Wer? Schauen Sie, aktuell wird über den Siemens-Campus gesprochen, da geht es um viele, viele Arbeitsplätze der Zukunft. Und denken Sie nur an die Urban Tech Republic, wie das neue Quartier auf dem Flughafen Tegel heißt – die Leute müssen irgendwo wohnen. Spandau liegt gleich um die Ecke.
Derzeit liegen vor allem tausende Neubauwohnungen in der TXL-Schneise. Tegel wird geschlossen. Ich verlasse mich auf die Beschlüsse der Politik.
Sie gucken positiv nach vorn. Das Viertel auf der Westseite der Havel gilt allerdings als sozial schwierig. Es gibt große Unterschiede zwischen dem bereits bebauten Westufer und dem Ostufer der Wasserstadt. Wir erkennen heute – aber das ist in der Rückschau immer leicht gesagt -, dass damals Fehler gemacht worden sind, und dass wir Dinge besser machen müssen. In der westlichen Wasserstadt waren über 30 Prozent der Flächen für Gewerbe eingeplant – 30 Prozent für Büros, eine Wette auf die Zukunft! Den Bedarf gab es aber lange nicht. Leerstand ist das Schlimmste, was einem Neubaugebiet passieren kann. Der fundamentale Fehler aber ist ein anderer: Es gibt keine Blickbeziehungen zum Wasser.
Stimmt. Das wird am Ostufer anders – ein offener Städtebau, mit einer Promenade zum Flanieren. Da wird man in der Abendsonne sitzen und aufs Wasser gucken. Auf einem der Häuser, in rund 25 Metern Höhe, wird es sogar einen öffentlichen Dachgarten geben mit viel Grün und einem schönen Blick auf die Havel.

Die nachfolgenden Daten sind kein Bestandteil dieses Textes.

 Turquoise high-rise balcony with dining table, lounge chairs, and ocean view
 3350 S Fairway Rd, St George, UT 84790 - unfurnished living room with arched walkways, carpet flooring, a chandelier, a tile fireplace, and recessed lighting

Und wer soll das bezahlen? Das werden sich alle leisten können. Wir sind eine landeseigene Wohnungsbaugesellschaft und stehen für bezahlbare Mieten. Die Hälfte unserer Wohnungen sind für WBS-Berechtigte, die anderen zahlen im Schnitt unter zehn Euro den Quadratmeter.
Allerdings am Stadtrand. Komisch, ich sehe Berlin immer anders. Berlin ist eine polyzentrische Stadt, es sind zwölf Großstädte, die an ihren Rändern zusammenkleben. Und für jeden beginnt der Rand woanders. Ich empfinde die wachsende Stadt als ungemein spannend, als Chance, denn das Gegenteil wäre Schrumpfung, und das bedeutet nie Gutes für eine Stadt. Wir als Gewobag haben schon jetzt rund 14.000 Wohnungen in Spandau, es ist unser wichtigster Bezirk. Wir haben dort unseren Ursprung – in Haselhorst. Nächstes Jahr werden wir 100 Jahre alt.
Vor 20 Jahren wurde in der Wasserstadt damit geworben, dass sogar der Supermarkt in der Wasserstadt einen Anleger bekommt. Haben Sie auch eine steile Idee? Wissen Sie, ich habe in Konstanz studiert. Die Stadt nutzt das Wasser vor der Tür ganz selbstverständlich. Ich bin mit der Fähre quasi zum Hörsaal gefahren. Warum sollte Spandau nicht die breite Havel nutzen und Wassertaxis zur Altstadt anbieten? Wir prüfen das ganz ernsthaft gerade. Es ist nie falsch, Visionen zu haben.